Table 1 Accuracy of the system.

Figure 3 shows the confusion matrices between the computer system and 'Annotator group 1' (Fig. 3a), between 'Annotator group 1' and 'Annotator group 2' (Fig. 3b), as well as between the HomeCageScan system and 'Annotator group 1' (Fig. 3c). A confusion matrix is one way to visualize the agreement between two entities, wherein each entry (x, y) of the matrix represents the probability that the first entity (say 'Annotator group 1') will label a specific behaviour as x and the second entity (say the computer system ) as y. For instance, two entities with perfect agreement would exhibit a 1 value along every entry along the diagonal and 0 everywhere else. In Figure 3a for example, the matrix value along the fourth row and fourth column indicates that the computer system correctly classifies 92% of the 'hanging' behaviours as labelled by a human observer, whereas 8% of the behaviours are incorrectly classified as 'eating' (2%), rearing (5%) or others (less than 1%). These numbers are also reflected in the colour codes used, with red/blue corresponding to better/worse levels of agreement. We also observed that adding the position- and velocity-based features led to an improvement in the system's ability to discriminate between visually similar behaviours and for which the location of the animal in the cage provides critical information (see Supplementary Methods and Supplementary Fig. S3). For example, drinking (versus eating) occurs at the water bottle spout, whereas hanging (versus rearing) mice have at least two limbs off the ground. Examples of automated scoring of videos by the system are available as Supplementary Movies 1 and 2.

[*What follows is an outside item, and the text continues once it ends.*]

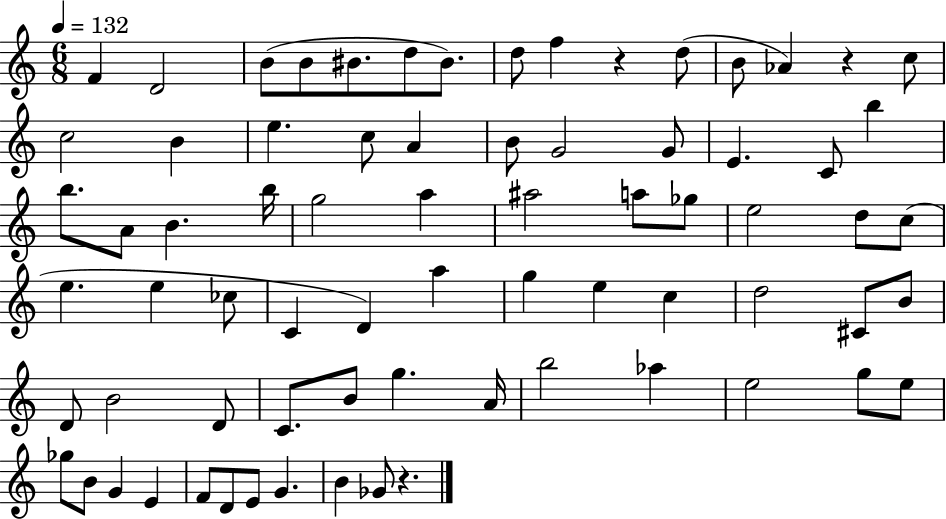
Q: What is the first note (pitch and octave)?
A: F4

Figure 3: Confusion matrix of the system.
figure 3

Confusion matrices evaluated on the doubly annotated 'set B' to compare the agreement between (a) the system and human scoring, (b) human to human scoring and (c) the CleverSys system to human scoring. Each entry (x, y) in the confusion matrix is the probability with which an instance of a behaviour x (along rows) is classified as type y (along column), and which is computed as (number of frames annotated as type x and classified as type y)/(number of frames annotated as type x). As a result, values sum to a value of 1 in each row. The higher probabilities along the diagonal and the lower off-diagonal values indicate successful classification for all categories. Using the annotations made by the 'Annotator group 1' as ground truth, the confusion matrix was obtained for measuring agreement between ground truth (row) with system (computer system), with the 'Annotator group 2' (human) and with baseline software (CleverSys commercial system). For a less cluttered visualization, entries with values less than 0.01 are not shown. The colour bar indicates the percentage agreement, with more intense shades of red indicating agreements close to 100% and lighter shades of blue indicating small percentages of agreement.

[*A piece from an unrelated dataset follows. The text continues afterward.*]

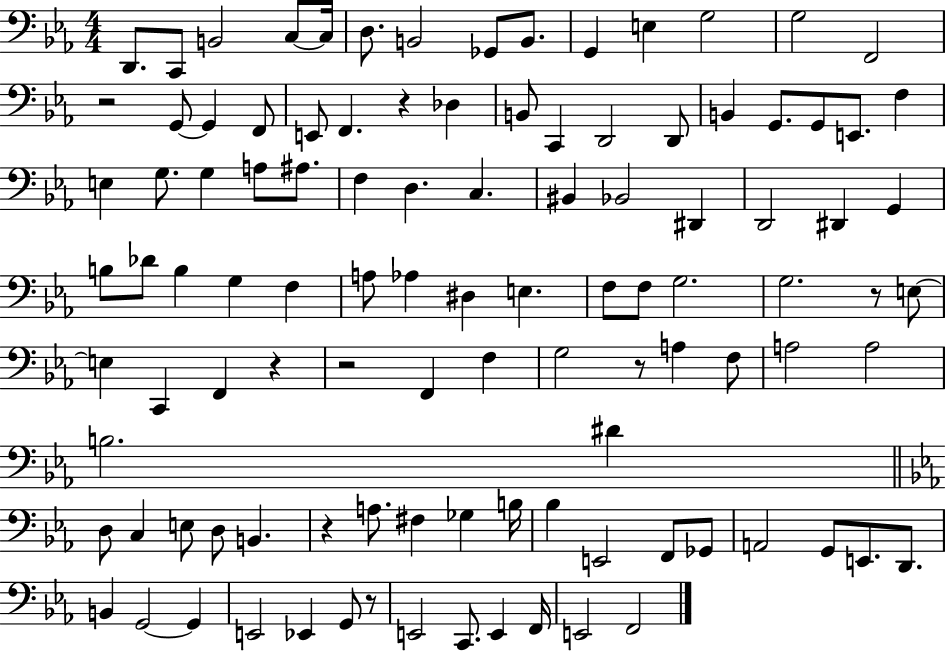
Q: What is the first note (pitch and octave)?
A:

How scalable is the proposed approach to new behaviours? How difficult would it be to train the proposed system for the recognition of new behaviours or environments (e.g., outside the home cage and/or using a camera from a different viewpoint?). The main aim of this study was to build a system that generalizes well with many different laboratory settings. For this reason, we collected and annotated a large data set of videos. Sometimes, however, it might be advantageous to train a more 'specialized' system very quickly from very few training examples.

To investigate this issue, we systematically evaluated the performance of the system as a function of the amount of training videos available for training. Figure 4a shows that a relatively modest amount of training data (that is, as little as 2 min of labelled video for each of the 11 training videos) is indeed sufficient for robust performance (correspond to 90% of the performance obtained using 30min of annotations for each video). In addition, in such cases in which generalization is not required, an efficient approach would be to train the system on the first few minutes of a video and then let the system complete the annotation on the rest of the video. Figure 4b shows that by using a representative set of only 3 min of video data, the system is already able to achieve 90% of its peak level. Near peak performance can be achieved using 10 min of a single video for training.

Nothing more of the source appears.